### Task objective
A faithful copy is needed of the lines below from the one with "J&A Reptile Mister, Automatic" up to and including the one with "Poisson fraichement pêché"; set it down with no pictures and no other lines.

### Entries provided
____

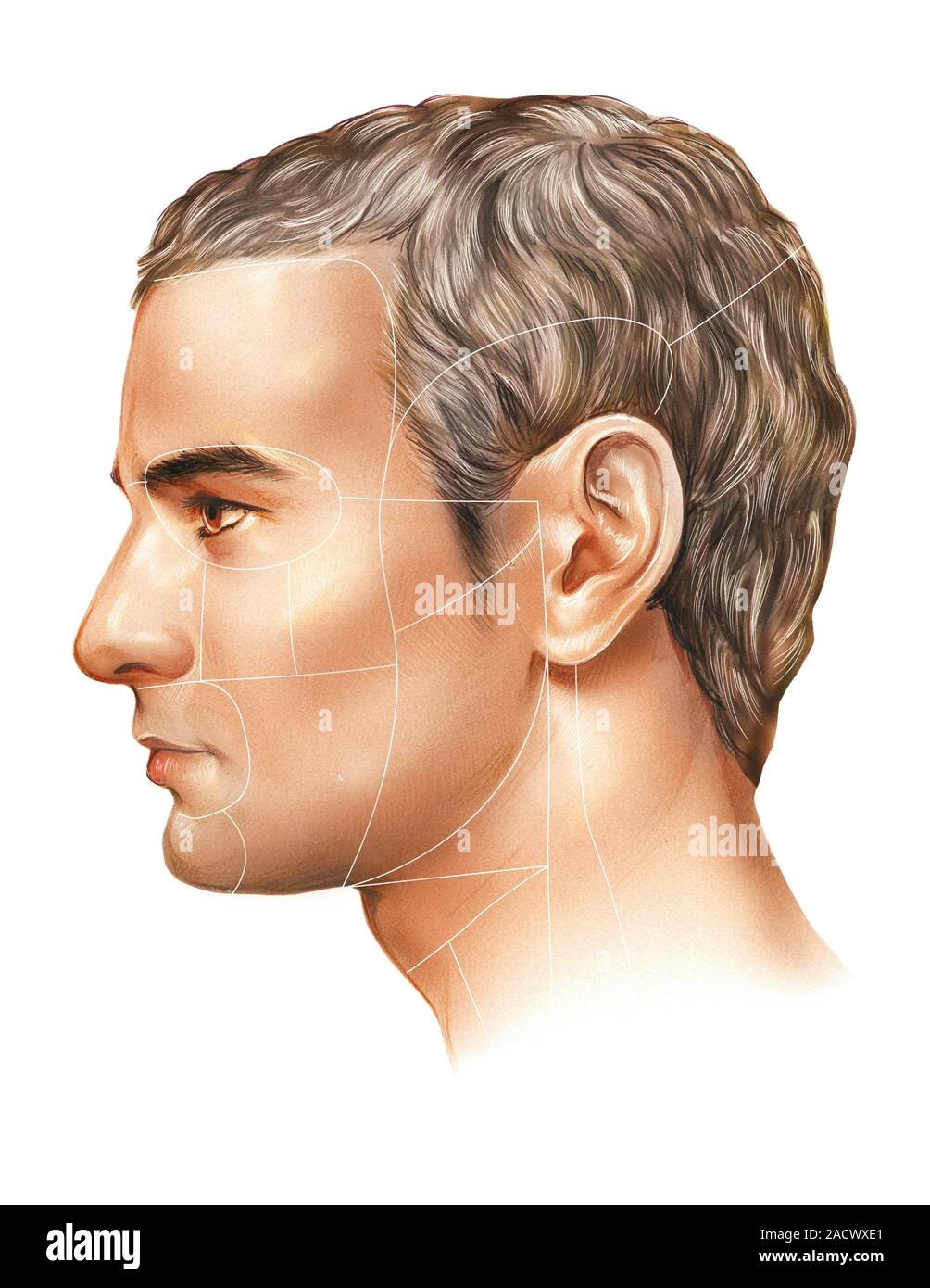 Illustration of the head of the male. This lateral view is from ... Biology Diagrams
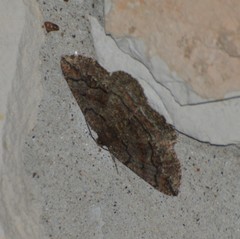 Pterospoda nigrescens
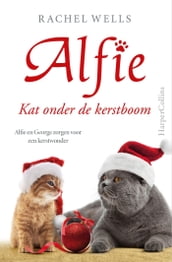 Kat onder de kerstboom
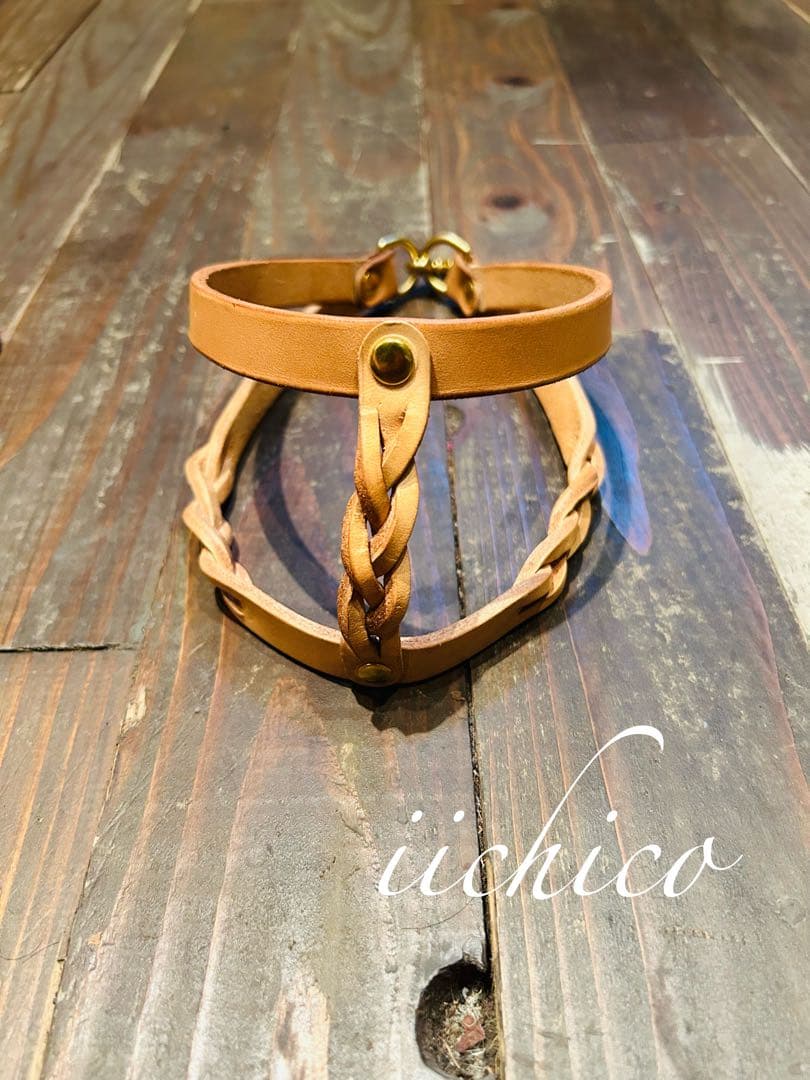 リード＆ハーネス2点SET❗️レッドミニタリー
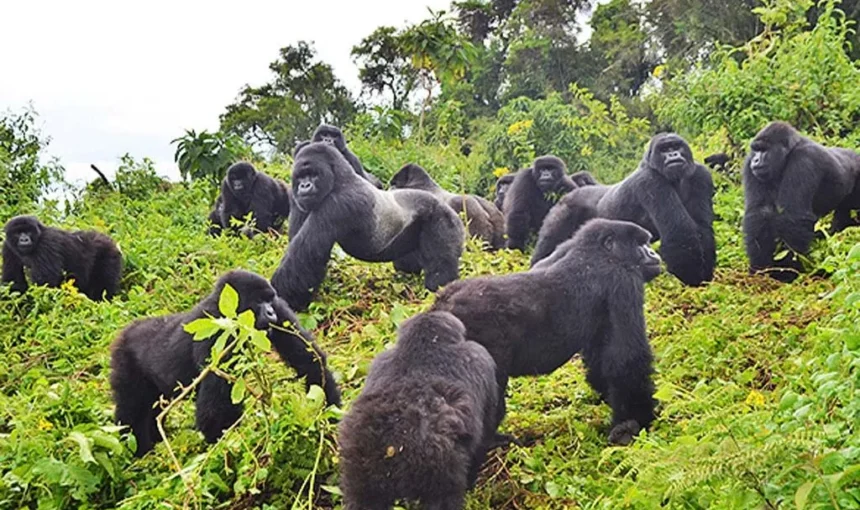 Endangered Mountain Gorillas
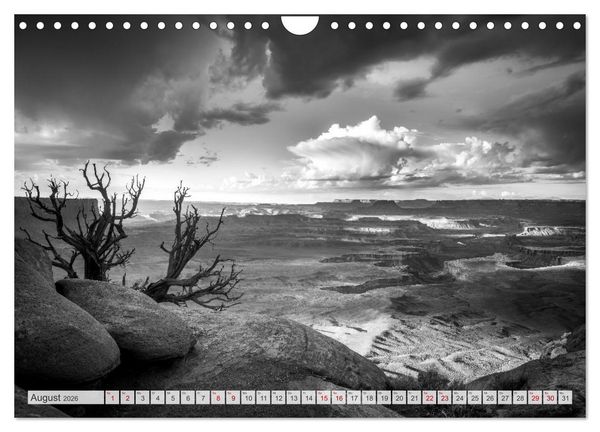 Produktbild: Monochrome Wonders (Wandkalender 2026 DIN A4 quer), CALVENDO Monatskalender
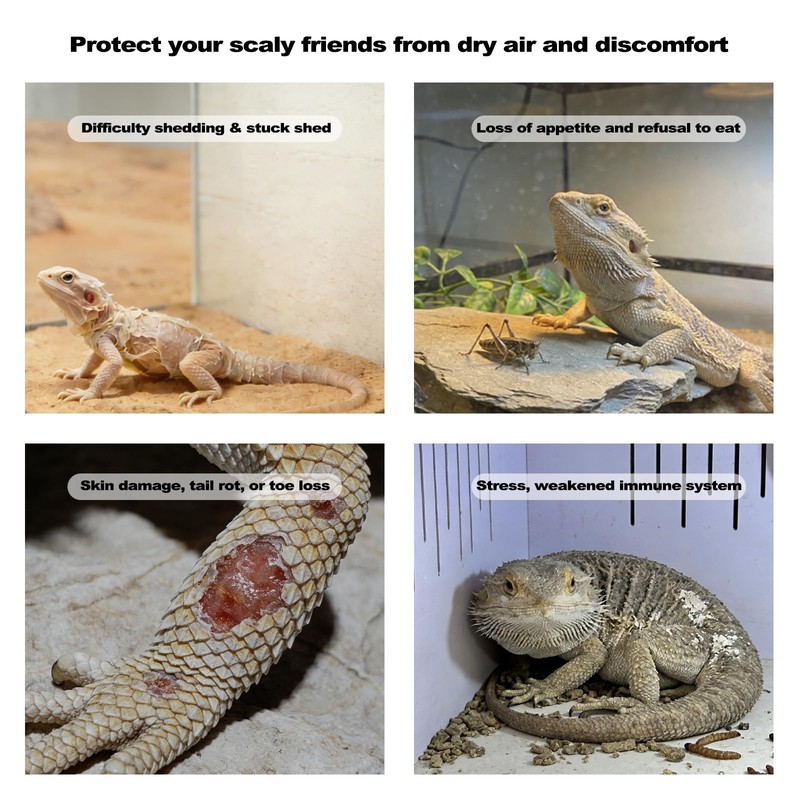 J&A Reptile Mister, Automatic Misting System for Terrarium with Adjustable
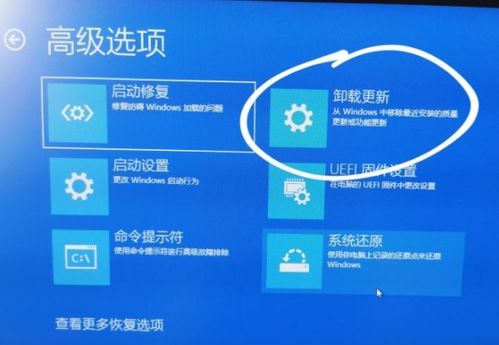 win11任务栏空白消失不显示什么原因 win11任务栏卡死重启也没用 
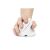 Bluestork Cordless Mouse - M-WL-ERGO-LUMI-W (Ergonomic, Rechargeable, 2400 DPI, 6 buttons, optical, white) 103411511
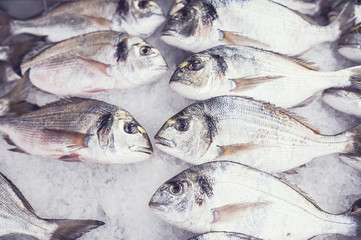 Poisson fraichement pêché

____

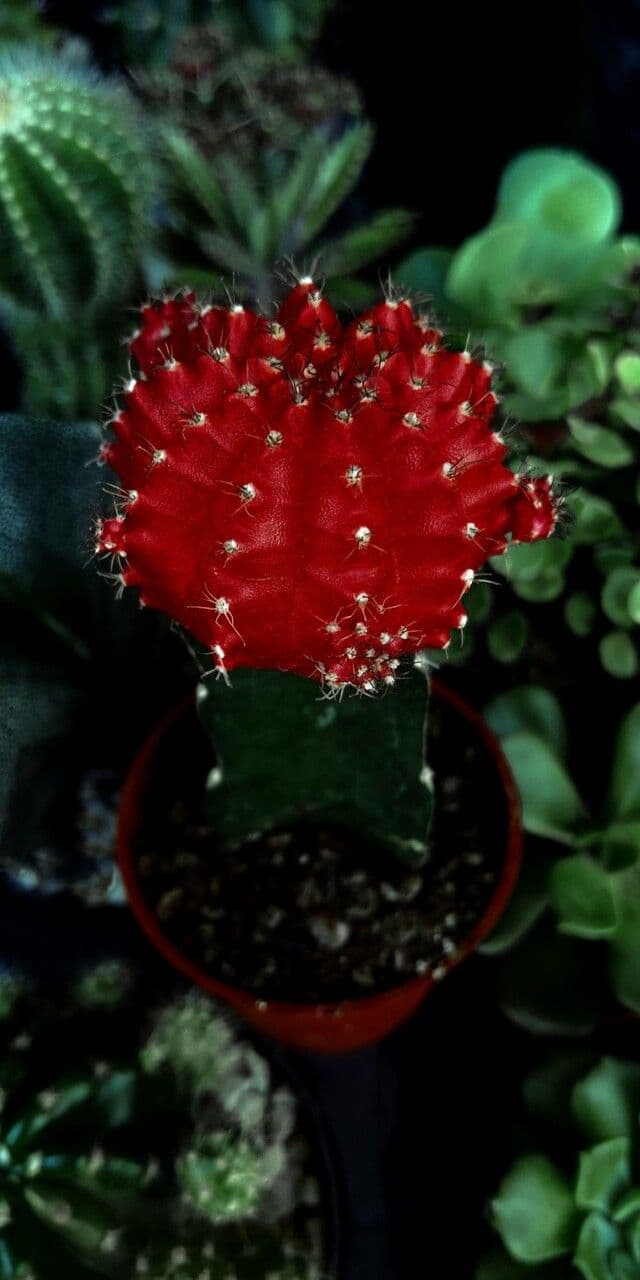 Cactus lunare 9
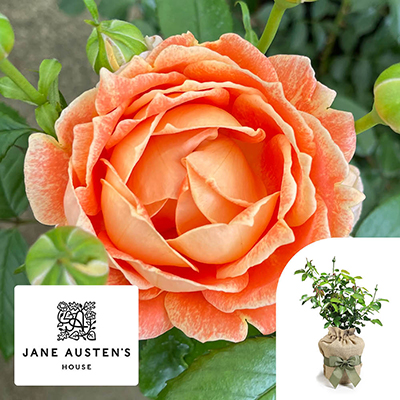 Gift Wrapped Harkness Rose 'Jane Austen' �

____

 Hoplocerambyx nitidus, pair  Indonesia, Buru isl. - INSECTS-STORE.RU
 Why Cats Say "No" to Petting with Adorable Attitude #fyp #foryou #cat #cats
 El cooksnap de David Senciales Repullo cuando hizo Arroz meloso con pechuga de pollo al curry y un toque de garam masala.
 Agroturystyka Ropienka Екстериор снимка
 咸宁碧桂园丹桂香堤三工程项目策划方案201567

____

### Task solution
 J&A Reptile Mister, Automatic Misting System for Terrarium with Adjustable
 win11任务栏空白消失不显示什么原因 win11任务栏卡死重启也没用 
 Bluestork Cordless Mouse - M-WL-ERGO-LUMI-W (Ergonomic, Rechargeable, 2400 DPI, 6 buttons, optical, white) 103411511
 Poisson fraichement pêché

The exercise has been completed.